Day is a kinesiology senior, plans to change her concentration from exercise science, clinical track to independent courses study. No matter what her professional career turns out to be, she can see her athletic career clearly.
However, last fall her athletic career was put on hold when she broke her foot. Day said she was running one day and tripped and rolled her ankle. At first she thought she had sprained her ankle because she was able to walk home, but the X-rays taken the next day revealed that it was much worse.
Last spring, Day could not compete, nor play her position as a forward for the women’s soccer team this fall.
However, the injury did not hold Day back for long. After a little more than six weeks on crutches and two surgeries, Day is finally able to get back into training.
This fall, she conditioned and worked on building her strength and technique to be ready for the first indoor track meet of the season, the Run for the Dream Invitational in Fresno on Jan. 16.
Last month was Day’s first time practicing the high jump since July 2005.
Day won the national championship in the high jump as a sophomore in 2005.
She said that her track coach, Jack Hoyt, knows she’s been frustrated because she is not physically where she was before the injury, but must remain patient and wait it out.
“I’m rusty, but getting better,” Day said.

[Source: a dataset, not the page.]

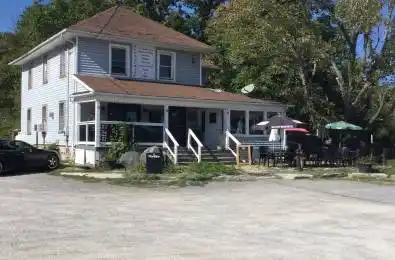 1925 Lakehurst Road Trent Lakes Ontario K0L 1J0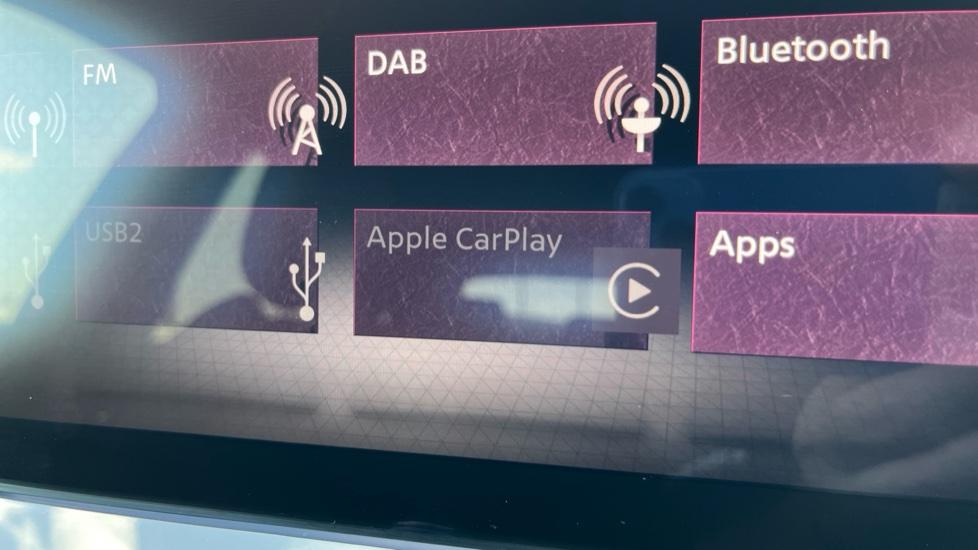 Apple Car Play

Track and field assistant coach Hoyt said she will be ready in time for the first meet to compete in the high jump.
“Until she gets the opportunity to compete, she won’t push herself hard enough,” Hoyt said.
He added that she is ahead of where he thought she would be since “from being in a boot back in July.”
If Day’s strength and running are normal from when she was healthy, all she has left to work on is her timing, Hoyt said.
After the Washington Invitational in Seattle from Jan. 27 to 28, bigger meets will be held throughout the season where she will face some pretty talented jumpers, including her sister Jazzy.
“We need to get her tuned up before the family grudge match,” Hoyt said.
Hoyt is very proud of Day’s work ethic and believes she will qualify for the 2008 Olympics. Hoyt said that the last season Day competed in, she was only three-fourths off the mark based on the requirement of 6 feet, 4.75 inches.
To go to the Olympics, Day has between July 1, 2007 and June 2008 to meet the world standard qualifying mark and must place in the top three at trials.
When the Olympic hopeful is not training, she loves to dance and hang out with her friends.
Sparks said Day is “always up to do anything” and “one of the coolest people you’ll ever meet.”
Despite the rough year Day has experienced as an athlete, she knows she can make it to the Olympics.
She has no plan to come down any time soon from her flight, saying, “I want to be an athlete as long as possible.”